▸ PROVIDED DATA:
⟨

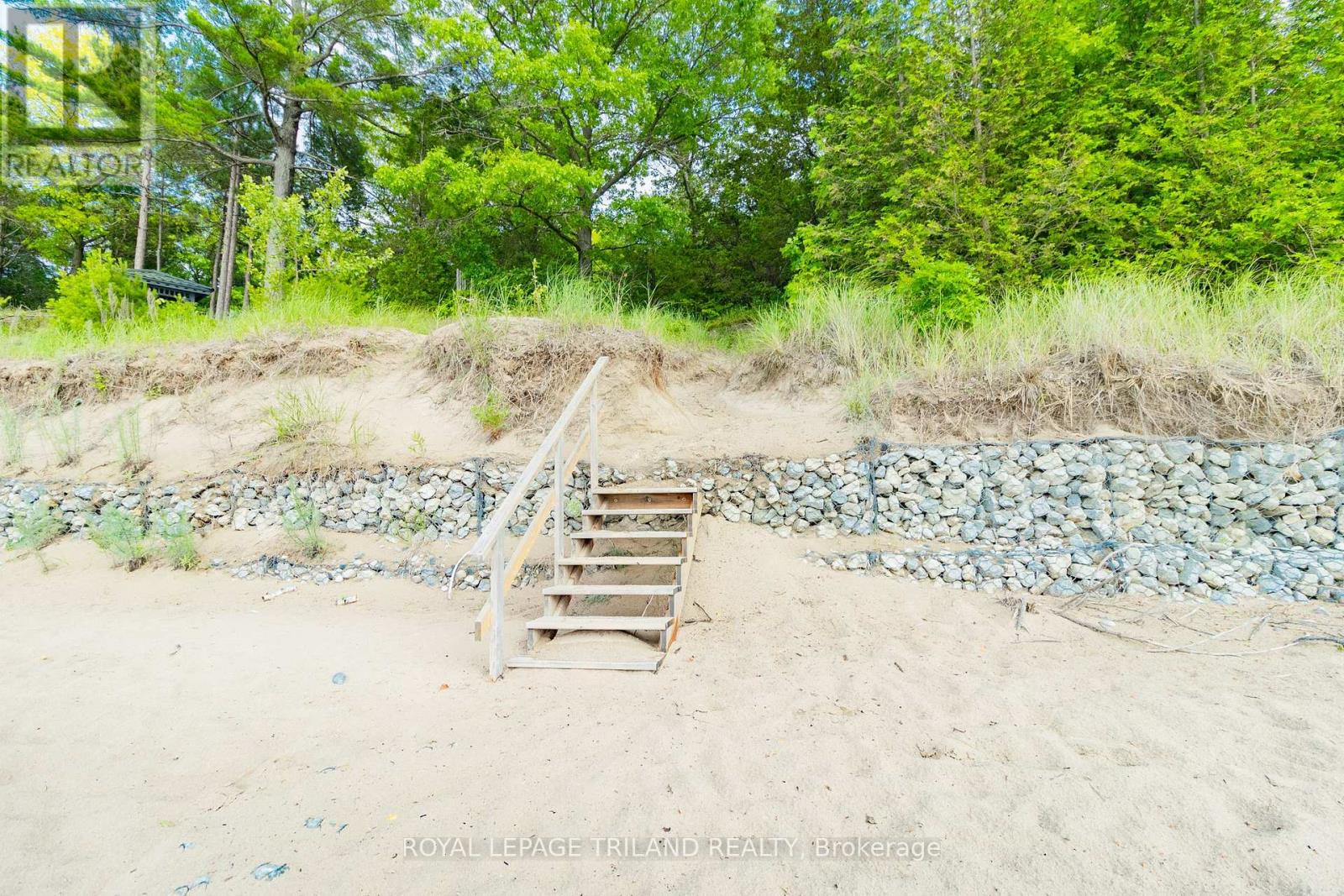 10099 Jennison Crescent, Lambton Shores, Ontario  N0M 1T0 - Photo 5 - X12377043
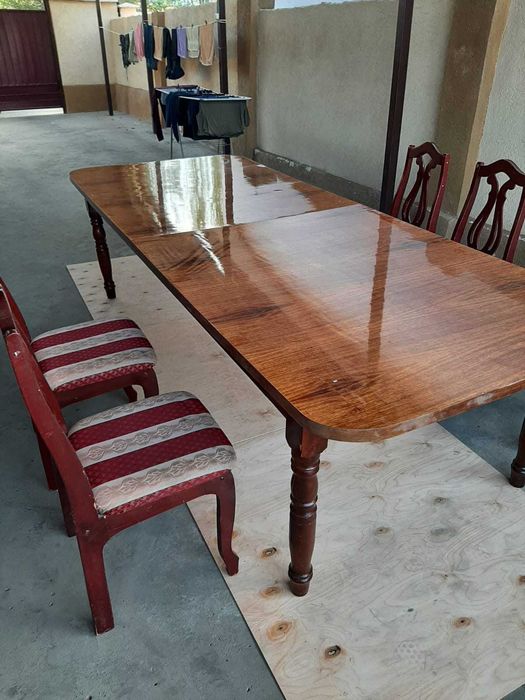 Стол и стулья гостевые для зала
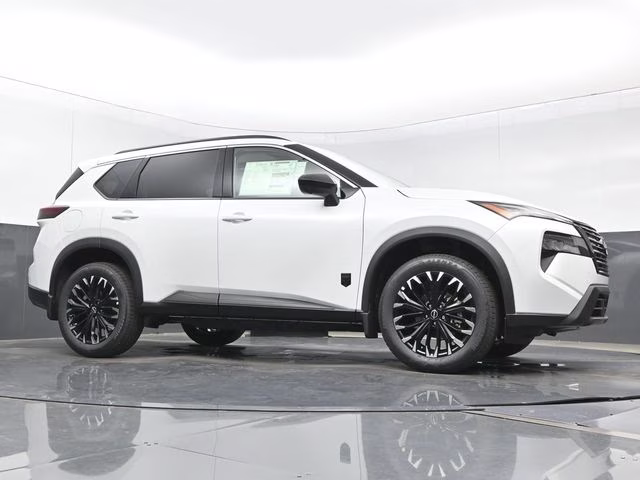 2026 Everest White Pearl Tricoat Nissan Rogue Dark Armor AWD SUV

⟩

▸ TRY IT:
Working from the listing above, retype it exactly but include no images.

▸ ANSWER BELOW:
 10099 Jennison Crescent, Lambton Shores, Ontario  N0M 1T0 - Photo 5 - X12377043
 Стол и стулья гостевые для зала
 2026 Everest White Pearl Tricoat Nissan Rogue Dark Armor AWD SUV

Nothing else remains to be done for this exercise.